Every once in a while, my focus during work will wane (maybe more than "once in a while"), and I'll go on a what I like to call a "baseball-reference tangent search". I'll wondering what Derek Jeter's statistics were in 1996 and sooner than I know it, I'll be looking at the 2007 game splits for Hiram Bocachica. A lot of people do this on Wikipedia - you'll start off wondering what movie David Fincher did before "Panic Room" and then BAM, you're reading up on Thunder Cats. Except doing this on baseball-reference.com is way nerdier. My latest and greatest (not at all) search has led to Philadelphia Phillies closer Brad Lidge.
These days, Brad Lidge is best known for being the most consistent and reliable cause of ulcers in the western Pennsylvania region. Even with a bounceback year in 2010, Lidge is still the guy that has lost his job as a closer twice (once in Philly and once in Houston) and has vacillated between alternatively ridiculous (in a good way) and ridiculous (in a bad way) seasons. But in 2004, Brad was the former; in fact, he had one of the greatest seasons for a reliever ever. Check out his statistical line:
6 wins, 29 saves, 1.90 ERA, .919 WHIP, 94 2/3 innings pitched, 157 strikeouts, 30 walks, 57 hits allowed
Wow. For those of you not statistically savvy, Lidge struck out 157 batters in 94 innings pitched, which is about 20 more innings than a reliever usually pitches. Just to capture the full scope of how abnormal Lidge’s season was, let’s look at a few guys that struck out fewer batters than him:
Chris Carpenter: 152 K
Greg Maddux: 151 K
John Lackey: 144 K
The hook here is the innings they did it in – 182, 212 and 198, respectively. Yes, these guys threw twice as many innings (or more!) as Lidge and struck out less batters!

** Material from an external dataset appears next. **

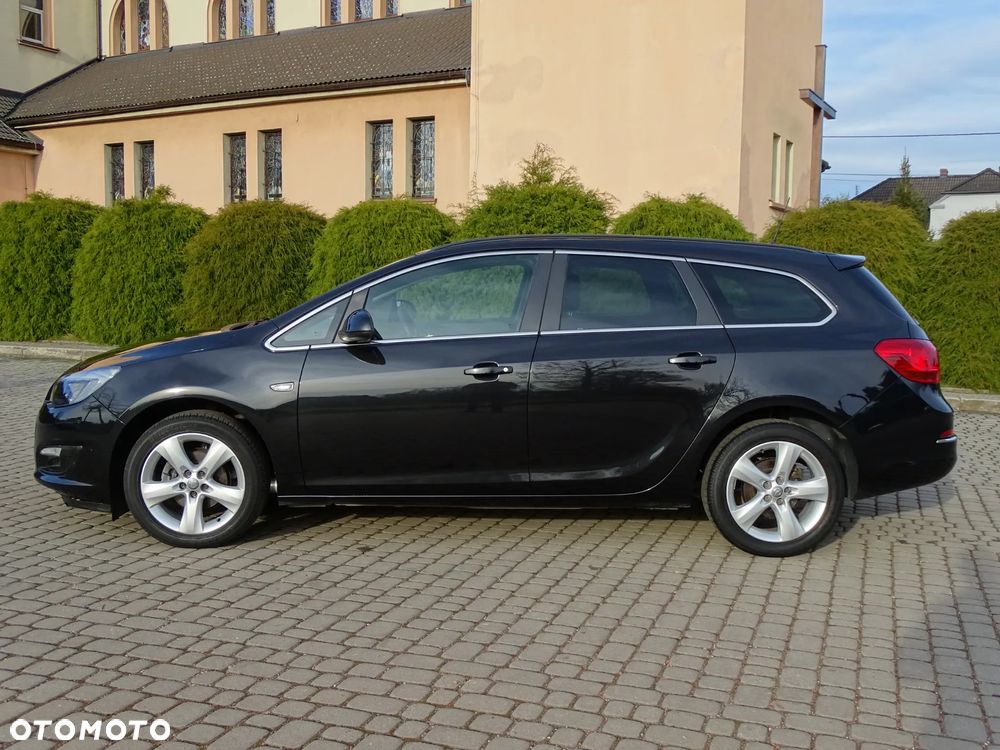 Opel Astra 1.4 Turbo Cosmo - 9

Not only that, but he allowed less than 1 walk or hit an inning over an entire season - which basically means that more often than not, he'd come out there, allow maybe one hit or walk, strike out a couple dudes and then go home for a glass of wine and to watch his stories. Amazing. Brad Lidge, I salute you. In 2004. Before you got to be terrible.